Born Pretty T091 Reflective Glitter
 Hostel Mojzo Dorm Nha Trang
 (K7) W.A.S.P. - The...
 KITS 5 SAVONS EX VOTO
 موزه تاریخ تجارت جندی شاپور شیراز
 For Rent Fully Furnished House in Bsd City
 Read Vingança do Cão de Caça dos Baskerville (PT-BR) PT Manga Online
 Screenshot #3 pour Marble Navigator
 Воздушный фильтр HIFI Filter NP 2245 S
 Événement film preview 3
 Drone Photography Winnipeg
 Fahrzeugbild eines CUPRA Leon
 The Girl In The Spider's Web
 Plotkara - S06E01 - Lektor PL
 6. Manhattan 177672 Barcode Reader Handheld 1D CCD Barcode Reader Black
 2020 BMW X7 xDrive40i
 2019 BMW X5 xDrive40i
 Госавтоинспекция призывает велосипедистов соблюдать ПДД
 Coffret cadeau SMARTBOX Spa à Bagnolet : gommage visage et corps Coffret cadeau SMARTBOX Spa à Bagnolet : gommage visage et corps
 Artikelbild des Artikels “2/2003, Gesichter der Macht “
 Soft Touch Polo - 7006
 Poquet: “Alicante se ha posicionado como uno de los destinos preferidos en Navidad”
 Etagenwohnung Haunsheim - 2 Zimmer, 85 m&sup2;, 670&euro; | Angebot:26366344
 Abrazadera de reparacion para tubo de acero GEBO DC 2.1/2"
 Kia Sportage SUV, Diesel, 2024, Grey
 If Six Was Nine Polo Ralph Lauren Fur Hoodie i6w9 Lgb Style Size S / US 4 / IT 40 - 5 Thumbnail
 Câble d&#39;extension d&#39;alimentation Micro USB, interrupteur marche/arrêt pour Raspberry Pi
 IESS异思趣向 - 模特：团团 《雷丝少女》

## Exercise aim
Give back all the material, with each line exactly as it stands.

## Problem solution
Born Pretty T091 Reflective Glitter
 Hostel Mojzo Dorm Nha Trang
 (K7) W.A.S.P. - The...
 KITS 5 SAVONS EX VOTO
 موزه تاریخ تجارت جندی شاپور شیراز
 For Rent Fully Furnished House in Bsd City
 Read Vingança do Cão de Caça dos Baskerville (PT-BR) PT Manga Online
 Screenshot #3 pour Marble Navigator
 Воздушный фильтр HIFI Filter NP 2245 S
 Événement film preview 3
 Drone Photography Winnipeg
 Fahrzeugbild eines CUPRA Leon
 The Girl In The Spider's Web
 Plotkara - S06E01 - Lektor PL
 6. Manhattan 177672 Barcode Reader Handheld 1D CCD Barcode Reader Black
 2020 BMW X7 xDrive40i
 2019 BMW X5 xDrive40i
 Госавтоинспекция призывает велосипедистов соблюдать ПДД
 Coffret cadeau SMARTBOX Spa à Bagnolet : gommage visage et corps Coffret cadeau SMARTBOX Spa à Bagnolet : gommage visage et corps
 Artikelbild des Artikels “2/2003, Gesichter der Macht “
 Soft Touch Polo - 7006
 Poquet: “Alicante se ha posicionado como uno de los destinos preferidos en Navidad”
 Etagenwohnung Haunsheim - 2 Zimmer, 85 m&sup2;, 670&euro; | Angebot:26366344
 Abrazadera de reparacion para tubo de acero GEBO DC 2.1/2"
 Kia Sportage SUV, Diesel, 2024, Grey
 If Six Was Nine Polo Ralph Lauren Fur Hoodie i6w9 Lgb Style Size S / US 4 / IT 40 - 5 Thumbnail
 Câble d&#39;extension d&#39;alimentation Micro USB, interrupteur marche/arrêt pour Raspberry Pi
 IESS异思趣向 - 模特：团团 《雷丝少女》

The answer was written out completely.